Friday, February 12, 2010

Curing The Winter Doldrums

By Vicky DeCoster

Jack Nicholson’s character in the unforgettable movie “The Shining” demonstrated best what we all realize after suffering through six months of nose-hair-freezing cold and black-ice-coated sidewalks … that winter makes us wacko. Last January, after watching my husband take my red lipstick and spell out “O-K-C-A-W M’I” on our bathroom mirror, I decided it was time to create a few activities to help my family survive cabin fever, the winter doldrums, and heaven forbid, a shortage of red lipstick at the local drugstore. My list of suggested winter activities follows (Disclaimer: I am in no way responsible for bodily harm, injury, or mental distress that may be caused by participating in any of the below activities. P.S. Have fun.

◦ The Icicle Game – each family member takes two long icicles from the gutter and places them inside their mouth, making the icicles look like long teeth. Play walrus family in the Arctic.

◦ The Sledding Game – each family member takes a sled and sets it on the top of a huge hill with several large trees and a barbwire fence below. The first person to be carried off on a stretcher wins a free night out at the movies to see The Shining.

◦ The Penguin Game – rent several tuxedos at the local tuxedo shop, tie each person’s feet together, and have a race to the mailbox. Whoever wins gets to find a way to pay all the bills inside the mailbox.

◦ The Tongue Game – find a metal light pole on your street. Have each family member stick their tongue on the pole and then have them try to say, “Sally slurps slushies at the seashore while she studies shells.” (Helpful hint: Have a glass of warm water handy to unstick their tongues from the pole after the game … unless of course, you want to leave them there all night.)

◦ The Shoveling Game – give each family member a shovel and send them to the snow-covered driveway. Whoever hits cement first wins a brand new tube of red lipstick.

◦ The Static Game – have each person place a stocking cap on their head for 24 hours. When 24 hours has passed, each person should slowly remove the stocking cap, then shuffle around on the carpet with slippers on their feet, finger sticking out, until they can touch another family member with the finger (i.e., lethal weapon). When someone is shocked hard enough to cause a power surge in the entire neighborhood, the game is over.

◦ The Snow Tunnel Game – give each family member a spoon and tell him or her to dig a tunnel all the way to the local supermarket. Whoever reaches the meat counter first wins a weekend at a resort in the mountains where they’ll be trapped until the following spring.
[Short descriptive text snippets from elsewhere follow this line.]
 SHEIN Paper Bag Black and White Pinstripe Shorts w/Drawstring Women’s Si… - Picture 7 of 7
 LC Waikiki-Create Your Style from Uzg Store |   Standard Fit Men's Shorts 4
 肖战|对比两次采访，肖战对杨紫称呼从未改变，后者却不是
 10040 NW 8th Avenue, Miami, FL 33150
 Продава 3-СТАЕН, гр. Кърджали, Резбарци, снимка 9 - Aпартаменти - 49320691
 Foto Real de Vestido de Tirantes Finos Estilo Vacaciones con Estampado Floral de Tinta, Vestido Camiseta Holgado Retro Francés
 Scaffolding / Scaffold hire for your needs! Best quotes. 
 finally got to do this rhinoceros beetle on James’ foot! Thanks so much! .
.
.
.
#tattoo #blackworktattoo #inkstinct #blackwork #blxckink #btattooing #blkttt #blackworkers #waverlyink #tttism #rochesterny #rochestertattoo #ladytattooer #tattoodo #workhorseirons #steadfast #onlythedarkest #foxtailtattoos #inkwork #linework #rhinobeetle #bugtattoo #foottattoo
◦ The Crazed Look Game – have two people infected with cabin fever sit across from each other at the kitchen table. Each person intently stares into the other person’s eyes with the crazed look they’ve been wearing all winter around the house. The first of the two to stand up and run screaming from the room wins a free therapy session with the local psychiatrist who happens to be booked up until spring.
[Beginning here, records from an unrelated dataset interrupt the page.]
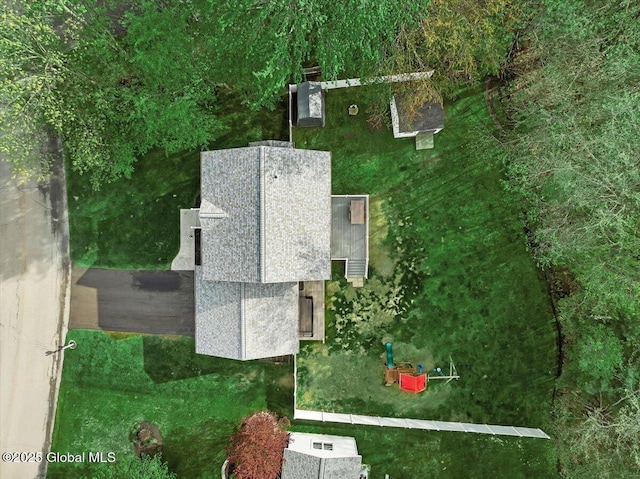 aerial view of property and surrounding area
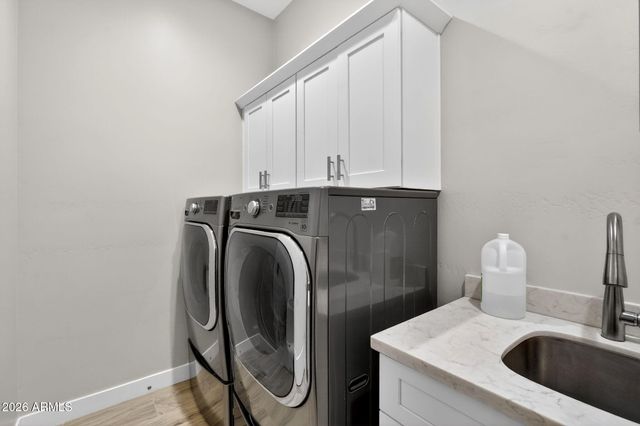 1124 E LOVELAND Lane, San Tan Valley, AZ 85140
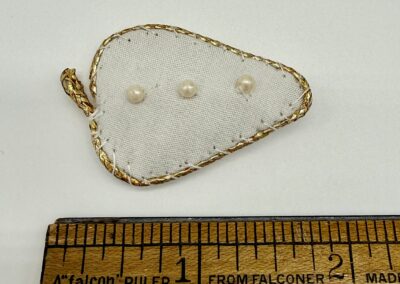 Devotional Hand-Sewn Heart with Gold Outline NZ0004c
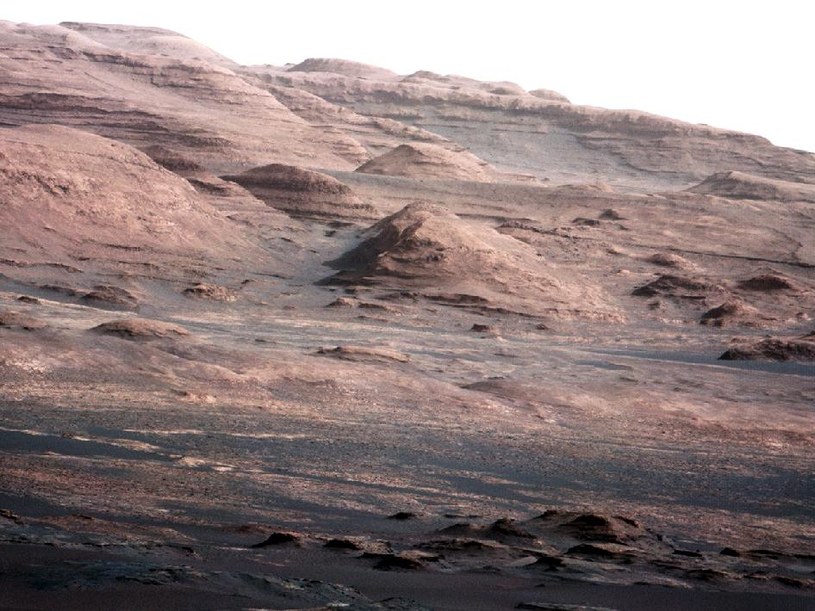 Struktura skalna Mount Sharp jest idealnym zapisem historii Marsa. Na jego szczycie znajdują się skały, które są najmłodsze. Im bardziej w dół, tym skały posiadają zapis znacznie starszych epok /NASA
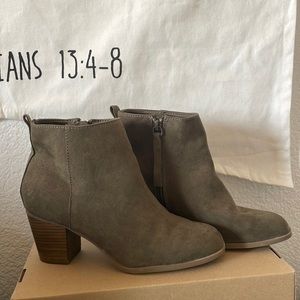 Dark green suede heeled ankle boot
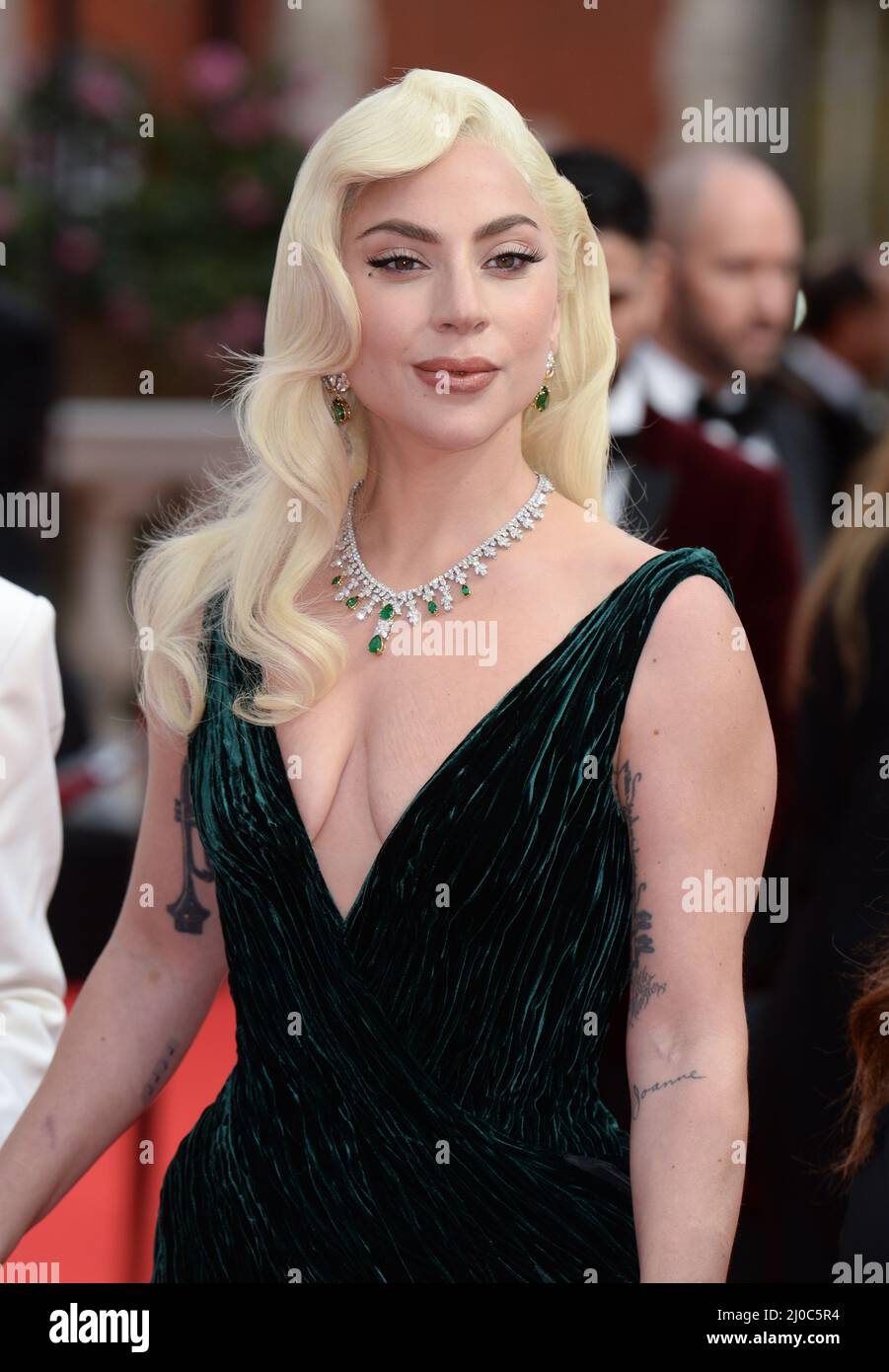 13.. März 2022, London, Großbritannien. Lady Gaga bei der Ankunft bei den EE British Academy Film Awards, der Royal Albert Hall, London. Quelle: Doug Peters/EMPICS/Alam Stockfoto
◦ The Self-Tanner Game – provide each person with their own bottle of self-tanner. Send them to separate rooms for one hour. The first one to emerge, looking as if they’ve been to The Bahamas for a week, wins a free tanning session at the local salon.
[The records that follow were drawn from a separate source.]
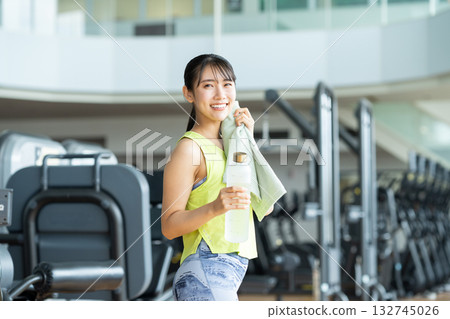 一位年輕女子正在健身房運動。照片由 Renaissance Makuhari 24 運動俱樂部及桑拿水療中心提供。 一位年輕女子正在健身房運動。照片由 Renaissance Makuhari 24 運動俱樂部及桑拿水療中心提供。 132745026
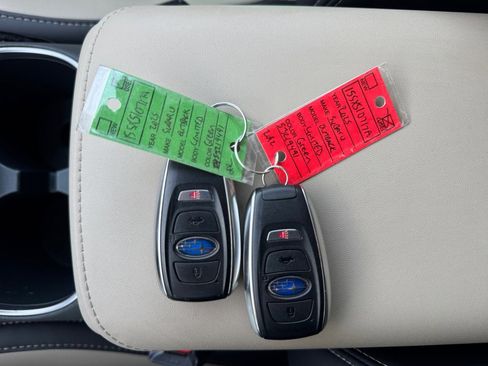 Used 2025 Subaru Outback Limited AWD/4WD image 38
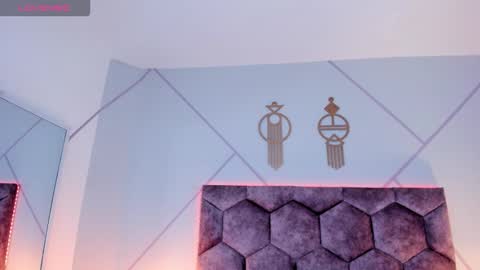 _aurora_collins_ online show from 12-15-25, 12:20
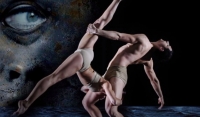 “Odyssey” al teatro romano di Ostia Antica: il mito di Omero tra danza contemporanea e canti siciliani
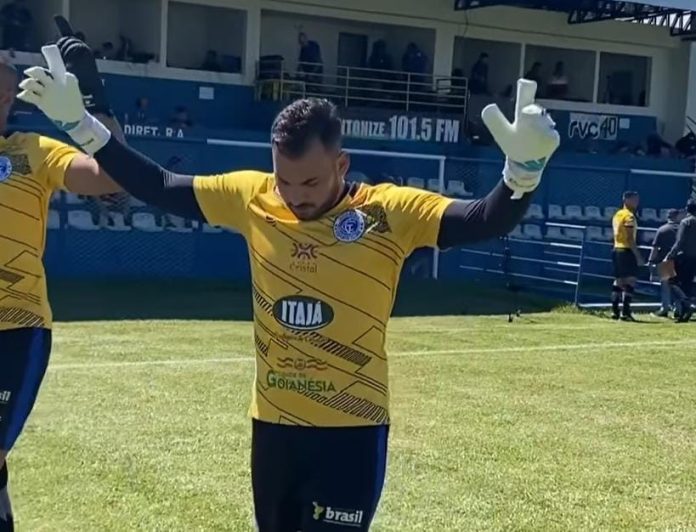 Michael goleiro do Goianésia Foto Goianésia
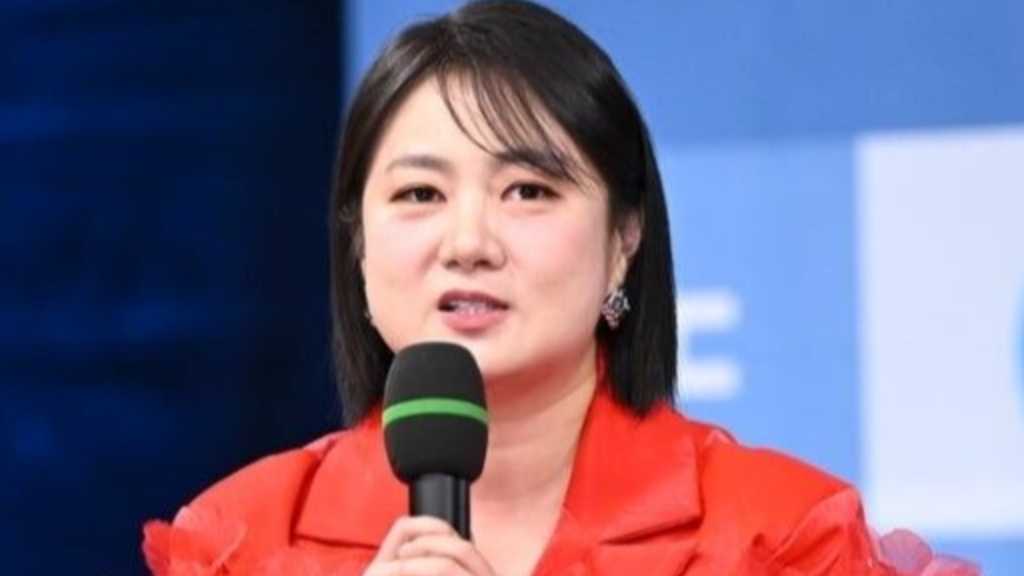 マネージャーへのパワハラ疑惑が浮上…パク・ナレ、傷害などの疑いで警察が立件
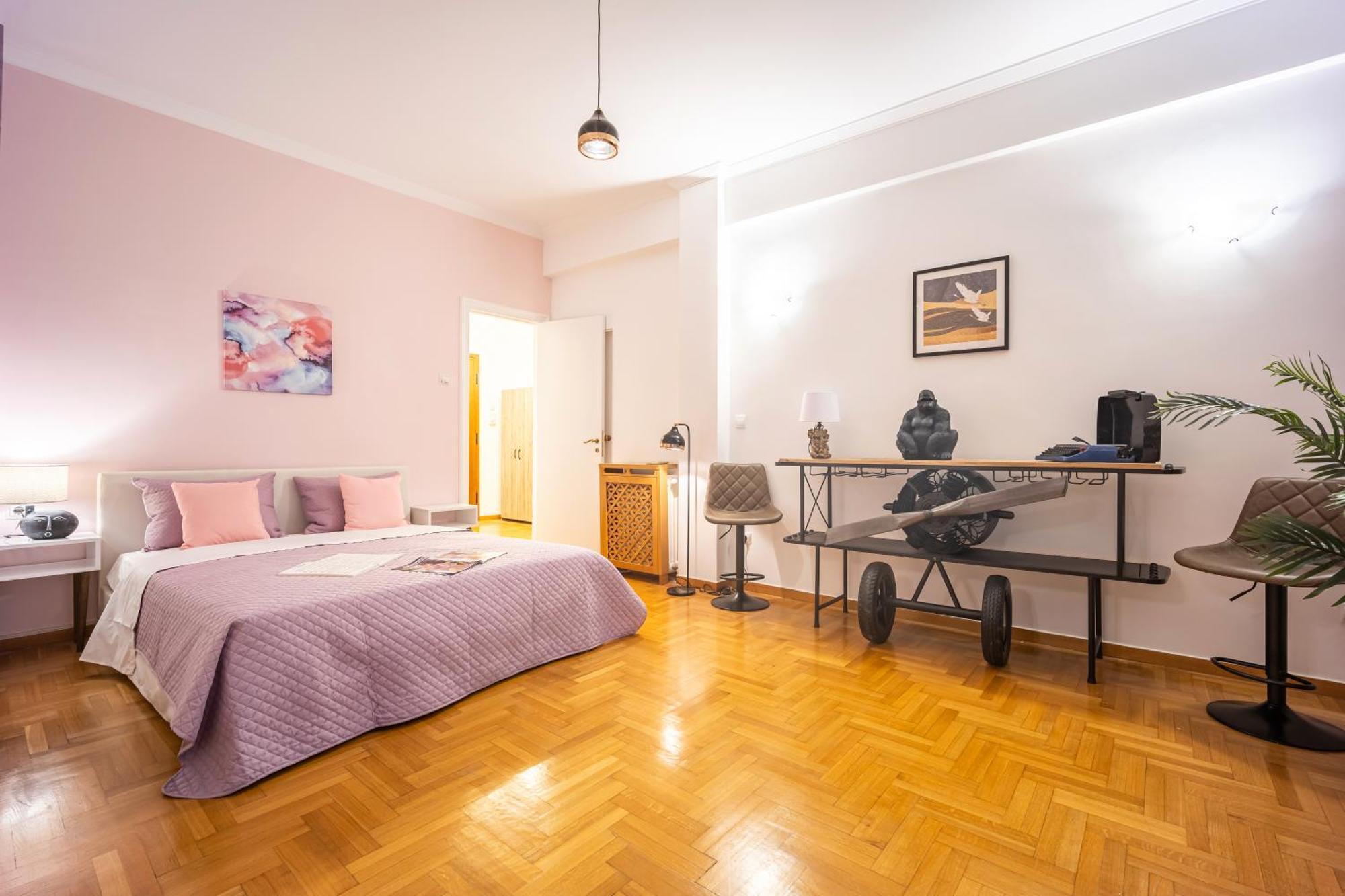 Royal Embassy Apartment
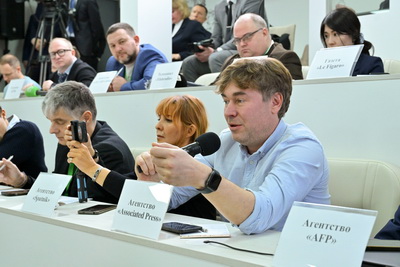Лукашенко проголосовал на президентских выборах и провел пресс-конференцию для СМИ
If none of the above activities work to cure your cabin fever, I have one more suggestion. Sit in your favorite recliner. Close your eyes. Visualize yourself mowing the lawn, weeding the garden, pruning your bushes, painting the house, organizing the garage, sweeping the sidewalk, starting a new landscape project, cleaning out the gutters, raking leaves, and spreading fertilizer.

Maybe being trapped in the house with a bunch of crazed-eye, static-haired, fake-tanned mental cases isn’t so bad now, is it?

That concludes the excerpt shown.